Apart from my speculation in the previously-mentioned thread, I don’t have anything more to add. I haven’t used the LSF myself; I’ve only used the LIFX-proprietary LAN and Cloud protocols. My brief attempts to digest the Alljoyn docs have led to a feeling that the Alljoyn docs suffer from a problem of high quantity/low quality. For that reason (and the fact that the Original 1000 is not supported), I’ve stayed away from Alljoyn.
As for who does know what’s going on with the LSF, it appears that it might be no one. However, I would hope that LIFX (in the form of Daniel Hall) would be able to explain LIFX’s implementation of the LSF.

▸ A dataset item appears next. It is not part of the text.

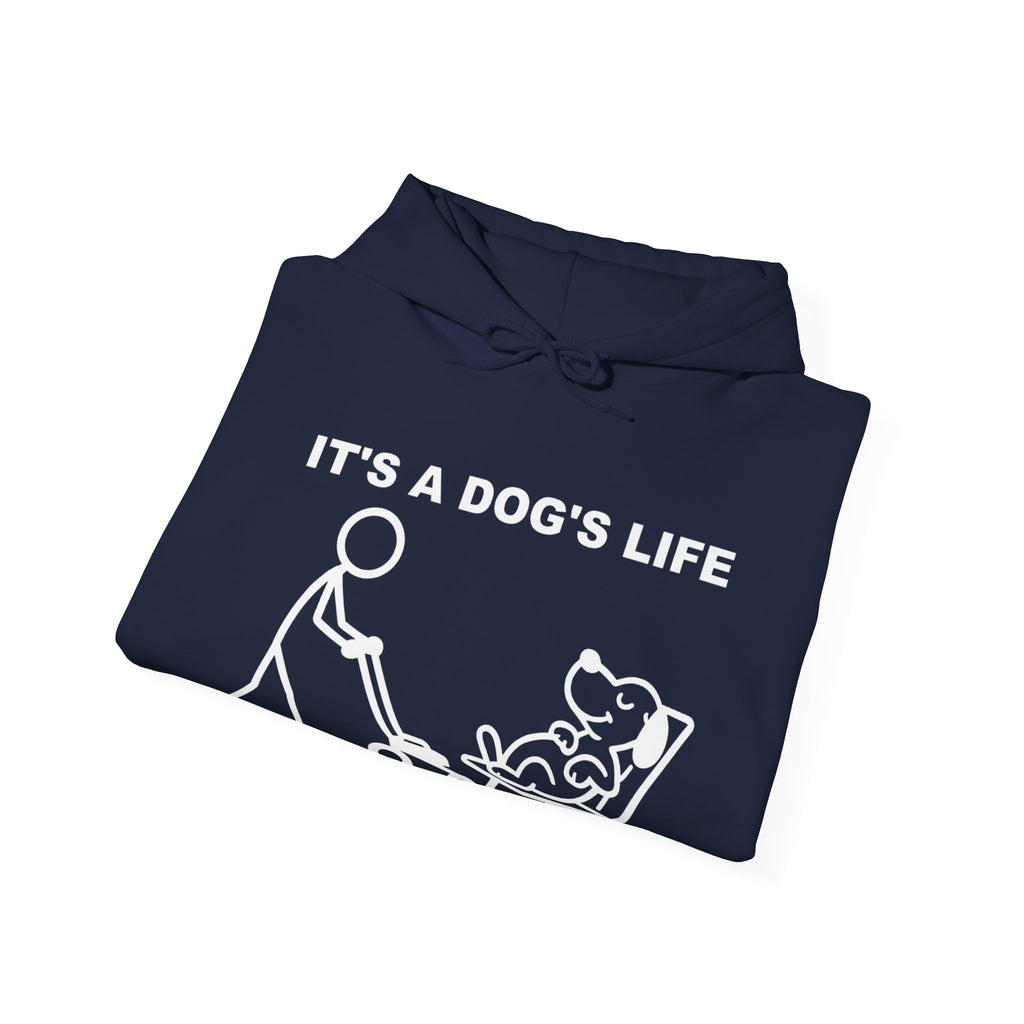 It’s a Dog’s Life Funny Dog Hoodie, Dog Lover Gift, Pet Owner Hoodie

The range is 0… Max(UInt32)-1. So you map the values 0…100% for saturation or brightness to that range, or 0…360 for hue. For Kelvin temperature you map 1000K…20000K to that range. This isn’t really documented in the LSF spec - you have to reverse-engineer their test code to figure this out.
Just note that LIFX’s own Win10 app gets the temperature range wrong when using AllJoyn to communicate with bulbs (been letting them know for a while but they never bothered to fix it). I have two apps in the Windows 10 app store (just search for AllJoyn) for simulating and controlling bulbs via alljoyn that should follow the spec.